NPP Parliamentary candidate Kojo Oppong Nkrumah wants IMANI to properly study Dr. Bawumia’s an economic analysis before offering a critique of the vice-presidential candidate’s work.
Suggesting that IMANI’s response was not thorough enough, the NPP candidate for Ofoase Ayirebi constituency in the Eastern region observed that “it appears as if they are in a hurry to punch holes”.
“I don’t want to be uncharitable to my good friends IMANI…[it] is an organisation I very much respect. If you look at the speed they delivered this response…they are in a hurry”, the former broadcaster noted.
Less than 24 hours after a lecture addressed by the 2016 NPP Vice-Presidential candidate Dr. Mahamudu Bawumia, IMANI Ghana released a 4-page response.
It pointed out seven claims it believes are “an unfair interpretation of data for partisan advantage” and also endorsed 12 claims as accurate.
The think-tank also stated its position on five policy pledges made by the former deputy Governor of the Bank of Ghana Dr. Bawumia.
In one of the criticisms, IMANI challenged Bawumia’s claim that “average lending rate is now about 40%, which is worse than the situation under the NDC”.
IMANI believes that “this is another claim that is rather hard to ground without complex mean rate analysis over aggregate periods. The CEPA graph below depicting average lending rates between the beginning of 2006 and the end of 2014 shows that on average the rate dynamics have been tepid and hard to compare secularly”
But responding to the critique, Kojo Oppong Nkrumah indicated that it is not enough for IMANI to question the model or formula used by Bawumia to arrive at his conclusion.
He wants the policy think-tank to also demonstrate that Bawumia was wrong by offering what it believes is the correct figure or formula.

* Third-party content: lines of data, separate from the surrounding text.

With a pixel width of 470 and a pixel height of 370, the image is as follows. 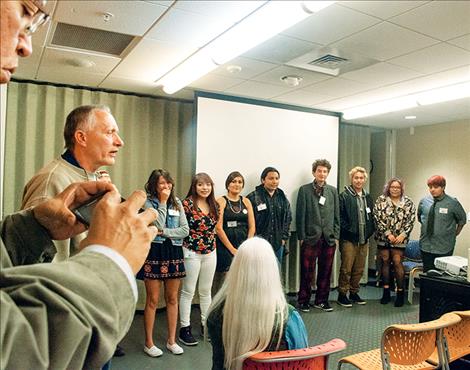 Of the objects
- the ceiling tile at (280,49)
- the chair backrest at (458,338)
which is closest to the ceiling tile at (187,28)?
the ceiling tile at (280,49)

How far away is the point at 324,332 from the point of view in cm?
372

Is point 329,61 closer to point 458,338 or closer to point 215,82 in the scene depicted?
point 215,82

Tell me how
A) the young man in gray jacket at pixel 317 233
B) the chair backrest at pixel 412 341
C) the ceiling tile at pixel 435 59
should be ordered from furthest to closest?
the young man in gray jacket at pixel 317 233, the ceiling tile at pixel 435 59, the chair backrest at pixel 412 341

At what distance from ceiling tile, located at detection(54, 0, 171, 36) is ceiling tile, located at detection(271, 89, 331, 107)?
6.77ft

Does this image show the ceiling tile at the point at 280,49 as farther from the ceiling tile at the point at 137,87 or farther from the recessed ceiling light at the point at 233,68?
the ceiling tile at the point at 137,87

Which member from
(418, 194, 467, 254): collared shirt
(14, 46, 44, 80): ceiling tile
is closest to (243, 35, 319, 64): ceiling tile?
(14, 46, 44, 80): ceiling tile

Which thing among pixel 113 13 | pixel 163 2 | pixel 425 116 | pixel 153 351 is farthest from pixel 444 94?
pixel 153 351

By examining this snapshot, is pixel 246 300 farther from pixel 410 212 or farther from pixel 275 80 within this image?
pixel 410 212

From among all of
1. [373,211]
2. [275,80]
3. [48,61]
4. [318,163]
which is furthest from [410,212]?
[48,61]

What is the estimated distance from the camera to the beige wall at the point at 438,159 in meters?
5.31

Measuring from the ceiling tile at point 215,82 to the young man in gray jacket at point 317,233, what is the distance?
153cm

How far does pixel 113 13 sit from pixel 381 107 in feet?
11.2

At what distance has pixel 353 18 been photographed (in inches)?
90.7

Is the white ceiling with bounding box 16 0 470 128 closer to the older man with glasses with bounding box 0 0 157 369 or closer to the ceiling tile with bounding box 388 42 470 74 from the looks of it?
the ceiling tile with bounding box 388 42 470 74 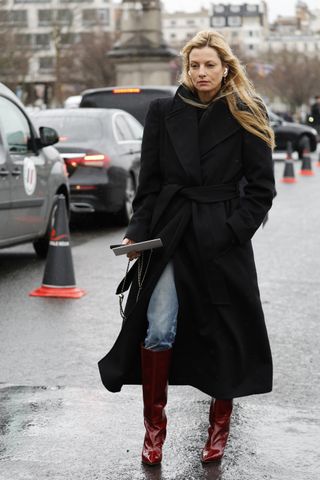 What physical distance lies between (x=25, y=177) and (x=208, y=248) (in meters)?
5.84

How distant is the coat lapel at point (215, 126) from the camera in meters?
4.46

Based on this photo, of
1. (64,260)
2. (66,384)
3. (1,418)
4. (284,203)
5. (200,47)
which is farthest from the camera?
(284,203)

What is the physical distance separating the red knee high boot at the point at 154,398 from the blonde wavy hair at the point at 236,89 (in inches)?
39.6

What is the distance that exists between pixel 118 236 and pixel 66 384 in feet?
24.4

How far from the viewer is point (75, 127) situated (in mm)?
14281

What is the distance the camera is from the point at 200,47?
4.43 m

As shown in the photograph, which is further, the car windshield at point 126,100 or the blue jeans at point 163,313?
the car windshield at point 126,100

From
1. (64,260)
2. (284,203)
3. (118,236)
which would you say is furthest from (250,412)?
(284,203)

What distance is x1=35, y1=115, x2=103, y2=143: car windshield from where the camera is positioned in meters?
14.1

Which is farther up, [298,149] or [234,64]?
[234,64]

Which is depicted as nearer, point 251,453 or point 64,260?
point 251,453

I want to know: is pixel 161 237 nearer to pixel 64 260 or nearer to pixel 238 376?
pixel 238 376

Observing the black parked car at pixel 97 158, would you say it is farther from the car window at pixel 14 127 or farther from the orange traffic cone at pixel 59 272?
the orange traffic cone at pixel 59 272

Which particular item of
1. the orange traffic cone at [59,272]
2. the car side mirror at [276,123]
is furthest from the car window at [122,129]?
the car side mirror at [276,123]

“When you use this formula, what was the answer they got and does that answer depart from the substance the argument Dr. Bawumia is making?”
“When they mention the mean rate variable, did they do the computation for you? he asked host of Joy FM/Multi TV news analysis show Newsfile.
According to Kojo Oppong Nkrumah, he has used some of the computations adopted by IMANI Ghana and has arrived a similar conclusion that Ghana is on the wrong path.
“The way they have managed things, the results today is at variance with what they set for themselves” he said referring to government’s failure to meet its own fiscal objectives spelt out in GSGDA II medium term strategy for 2014 to 2017.
According to Bloomberg report, Ghana cut its economic growth forecast for 2016 to the lowest rate in more than three decades as the country reduced its targets for oil and gold production.
West Africa’s largest economy after Nigeria will likely expand 3.2 percent this year after growing 3.9 percent in 2015, Finance Minister Seth Terkper said in a statement on the ministry’s website. That will be the slowest rate since 1983, when the economy contracted 4.6 percent, according to World Bank data.